Monday, November 18, 2013

12:30

Lunch

14:00

Welcome

14:05 – 15:05

Jérôme Hugues (Institute for Space and Aeronautics Engineering, Toulouse)

Model-Based, Model checking: the missing bits

 

MDE provides an appealing framework for supporting engineering activities, from early design phases to acceptance tests; going through refinement, architectural and functional design down to code generation and V&V efforts. In this context, AADL – Architecture Analysis and Design Language – proposes a comprehensive framework for the modeling and analysis of complex embedded systems, with a large variety of tool support.  We note architectural models federate many concerns, some of which are highly interleaved. Therefore, one can no longer consider model-checking as the only V&V path.

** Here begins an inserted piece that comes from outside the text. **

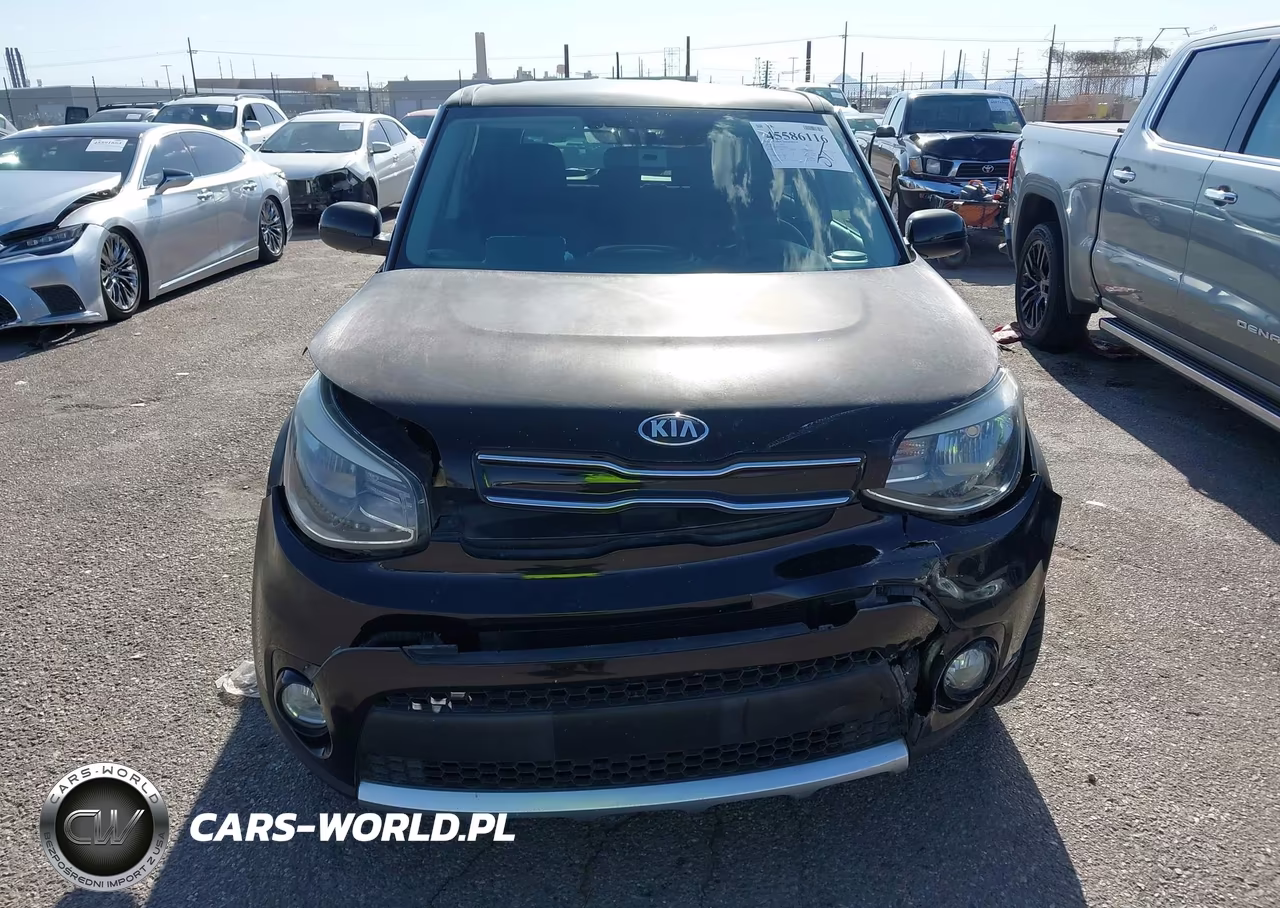 2018 Kia Soul + VIN:KNDJP3A57J7902312 - 12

In this talk, I'll illustrate several shortcomings and potential solutions in the application of verification techniques at large on AADL models. I'll present current discussion part of the AADL standardization committee to enrich Architecture Description Language with a Constraint language. The objective is to increase the coupling between modeling and verification. By making the verification part of extended semantics rules of an ADL, we control the patterns used to describe the system, ensuring designers respect process requirements, but also integrate V&V as part of the modeling effort. Thus, it provides a lean approach to V&V through MBSE.

15:05 – 15:40

Wendelin Serwe (joint work with the CONVECS team)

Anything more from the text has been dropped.